Task to complete:
Return only the count of lines in the listing below where the word "close" appears.

Supplied material:
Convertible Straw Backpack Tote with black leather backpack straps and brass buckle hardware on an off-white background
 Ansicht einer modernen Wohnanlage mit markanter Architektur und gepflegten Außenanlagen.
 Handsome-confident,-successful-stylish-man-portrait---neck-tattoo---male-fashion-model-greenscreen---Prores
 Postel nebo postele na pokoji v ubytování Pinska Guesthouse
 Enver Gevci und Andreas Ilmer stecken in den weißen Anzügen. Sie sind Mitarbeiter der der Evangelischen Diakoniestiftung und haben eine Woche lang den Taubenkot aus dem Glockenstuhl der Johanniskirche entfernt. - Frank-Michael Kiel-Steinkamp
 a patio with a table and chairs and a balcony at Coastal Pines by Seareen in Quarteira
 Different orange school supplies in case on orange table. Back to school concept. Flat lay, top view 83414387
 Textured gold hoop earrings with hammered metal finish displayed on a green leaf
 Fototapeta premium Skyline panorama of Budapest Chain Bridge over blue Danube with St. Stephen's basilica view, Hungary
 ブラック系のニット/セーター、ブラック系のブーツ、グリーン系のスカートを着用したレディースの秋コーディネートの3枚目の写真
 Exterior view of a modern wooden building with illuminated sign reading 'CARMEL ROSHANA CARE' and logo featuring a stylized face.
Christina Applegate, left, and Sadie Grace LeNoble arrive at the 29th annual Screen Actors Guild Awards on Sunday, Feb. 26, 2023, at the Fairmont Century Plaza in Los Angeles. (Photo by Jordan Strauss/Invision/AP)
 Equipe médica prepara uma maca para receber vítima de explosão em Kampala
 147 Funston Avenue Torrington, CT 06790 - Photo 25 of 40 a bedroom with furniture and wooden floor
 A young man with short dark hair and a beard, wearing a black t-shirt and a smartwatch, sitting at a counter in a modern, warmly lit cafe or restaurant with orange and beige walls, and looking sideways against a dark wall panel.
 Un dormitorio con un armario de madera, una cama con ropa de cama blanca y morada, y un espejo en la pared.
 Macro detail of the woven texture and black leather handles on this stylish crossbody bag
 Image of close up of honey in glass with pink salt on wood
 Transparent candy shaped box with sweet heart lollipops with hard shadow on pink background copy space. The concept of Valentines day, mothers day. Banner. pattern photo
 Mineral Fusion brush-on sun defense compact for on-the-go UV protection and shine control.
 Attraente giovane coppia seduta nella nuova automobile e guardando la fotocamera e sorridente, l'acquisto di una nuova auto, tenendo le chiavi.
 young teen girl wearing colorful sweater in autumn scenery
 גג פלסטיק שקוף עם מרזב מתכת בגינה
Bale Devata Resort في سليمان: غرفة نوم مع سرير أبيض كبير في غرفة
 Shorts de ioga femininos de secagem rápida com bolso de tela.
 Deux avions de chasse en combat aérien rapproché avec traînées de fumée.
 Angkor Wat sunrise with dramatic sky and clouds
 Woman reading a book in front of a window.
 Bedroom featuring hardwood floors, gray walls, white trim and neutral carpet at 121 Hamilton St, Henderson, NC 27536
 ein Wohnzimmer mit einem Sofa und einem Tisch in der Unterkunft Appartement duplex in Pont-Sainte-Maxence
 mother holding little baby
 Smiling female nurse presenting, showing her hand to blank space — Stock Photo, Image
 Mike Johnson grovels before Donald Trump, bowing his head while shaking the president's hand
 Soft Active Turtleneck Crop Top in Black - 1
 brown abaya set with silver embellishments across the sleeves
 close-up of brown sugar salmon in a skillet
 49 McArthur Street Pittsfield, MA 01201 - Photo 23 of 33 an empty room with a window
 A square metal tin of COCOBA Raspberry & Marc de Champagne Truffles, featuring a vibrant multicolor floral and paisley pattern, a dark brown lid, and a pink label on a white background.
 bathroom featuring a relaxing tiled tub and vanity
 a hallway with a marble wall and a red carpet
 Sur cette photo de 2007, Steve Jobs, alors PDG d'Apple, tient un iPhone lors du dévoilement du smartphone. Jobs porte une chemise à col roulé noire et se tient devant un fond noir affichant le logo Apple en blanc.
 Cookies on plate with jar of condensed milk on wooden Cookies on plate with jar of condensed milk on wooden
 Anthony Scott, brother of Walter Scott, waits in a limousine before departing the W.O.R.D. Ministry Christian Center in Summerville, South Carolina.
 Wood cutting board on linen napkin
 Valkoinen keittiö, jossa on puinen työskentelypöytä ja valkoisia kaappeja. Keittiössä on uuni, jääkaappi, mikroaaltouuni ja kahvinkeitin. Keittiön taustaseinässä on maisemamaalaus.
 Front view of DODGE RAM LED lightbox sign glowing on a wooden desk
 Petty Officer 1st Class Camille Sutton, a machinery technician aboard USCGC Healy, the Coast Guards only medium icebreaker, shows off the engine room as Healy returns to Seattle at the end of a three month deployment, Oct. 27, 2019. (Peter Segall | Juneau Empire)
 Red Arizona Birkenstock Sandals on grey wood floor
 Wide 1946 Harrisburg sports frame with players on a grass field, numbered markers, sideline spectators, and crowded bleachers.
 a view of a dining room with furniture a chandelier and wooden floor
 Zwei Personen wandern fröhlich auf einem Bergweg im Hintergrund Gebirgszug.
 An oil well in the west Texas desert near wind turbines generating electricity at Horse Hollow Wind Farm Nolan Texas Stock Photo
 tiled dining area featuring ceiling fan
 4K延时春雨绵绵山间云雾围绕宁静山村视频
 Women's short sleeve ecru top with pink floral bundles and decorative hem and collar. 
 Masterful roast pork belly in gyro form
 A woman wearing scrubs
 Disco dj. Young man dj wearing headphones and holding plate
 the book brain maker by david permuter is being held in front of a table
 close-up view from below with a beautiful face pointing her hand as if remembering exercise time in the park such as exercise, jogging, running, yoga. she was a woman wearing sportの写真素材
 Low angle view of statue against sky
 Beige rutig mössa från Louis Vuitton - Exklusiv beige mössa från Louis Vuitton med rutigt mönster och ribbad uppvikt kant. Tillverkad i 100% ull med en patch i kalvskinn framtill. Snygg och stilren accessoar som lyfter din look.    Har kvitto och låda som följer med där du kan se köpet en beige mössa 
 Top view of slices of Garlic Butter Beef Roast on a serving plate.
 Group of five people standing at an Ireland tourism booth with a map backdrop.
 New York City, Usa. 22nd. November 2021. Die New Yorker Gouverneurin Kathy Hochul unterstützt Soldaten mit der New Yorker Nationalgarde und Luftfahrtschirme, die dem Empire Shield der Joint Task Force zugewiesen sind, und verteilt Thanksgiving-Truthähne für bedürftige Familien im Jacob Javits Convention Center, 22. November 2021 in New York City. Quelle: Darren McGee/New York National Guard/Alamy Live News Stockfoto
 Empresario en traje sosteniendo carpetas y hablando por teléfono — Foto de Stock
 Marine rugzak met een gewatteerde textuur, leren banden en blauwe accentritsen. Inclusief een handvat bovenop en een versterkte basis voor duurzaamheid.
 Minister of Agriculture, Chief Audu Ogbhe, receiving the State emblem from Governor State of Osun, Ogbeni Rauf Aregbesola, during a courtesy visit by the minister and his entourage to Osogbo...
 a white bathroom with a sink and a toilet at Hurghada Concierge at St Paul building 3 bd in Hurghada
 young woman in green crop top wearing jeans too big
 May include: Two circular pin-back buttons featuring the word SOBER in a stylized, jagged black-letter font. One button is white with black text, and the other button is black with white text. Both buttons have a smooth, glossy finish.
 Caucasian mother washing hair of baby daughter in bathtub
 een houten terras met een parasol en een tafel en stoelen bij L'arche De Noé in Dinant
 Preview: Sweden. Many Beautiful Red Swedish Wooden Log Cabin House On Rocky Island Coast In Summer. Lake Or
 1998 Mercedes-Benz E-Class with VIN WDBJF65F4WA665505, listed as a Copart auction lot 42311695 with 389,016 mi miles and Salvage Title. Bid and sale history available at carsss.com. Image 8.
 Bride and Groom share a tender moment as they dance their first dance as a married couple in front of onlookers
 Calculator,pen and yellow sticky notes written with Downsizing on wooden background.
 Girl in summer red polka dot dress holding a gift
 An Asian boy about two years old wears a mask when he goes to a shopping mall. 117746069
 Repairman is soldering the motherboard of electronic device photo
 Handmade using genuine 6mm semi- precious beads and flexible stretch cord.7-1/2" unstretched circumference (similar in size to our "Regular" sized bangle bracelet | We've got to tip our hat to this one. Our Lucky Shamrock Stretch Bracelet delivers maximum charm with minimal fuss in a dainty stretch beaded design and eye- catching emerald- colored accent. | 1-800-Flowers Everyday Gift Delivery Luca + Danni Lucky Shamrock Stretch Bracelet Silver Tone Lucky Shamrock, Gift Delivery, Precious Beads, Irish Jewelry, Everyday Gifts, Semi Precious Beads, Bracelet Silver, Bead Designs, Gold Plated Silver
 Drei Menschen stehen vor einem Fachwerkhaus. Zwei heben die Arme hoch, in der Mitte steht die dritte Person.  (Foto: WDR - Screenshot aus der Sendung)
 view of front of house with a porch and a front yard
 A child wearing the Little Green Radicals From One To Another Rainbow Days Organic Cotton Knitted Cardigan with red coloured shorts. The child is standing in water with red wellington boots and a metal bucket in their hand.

Response area:
3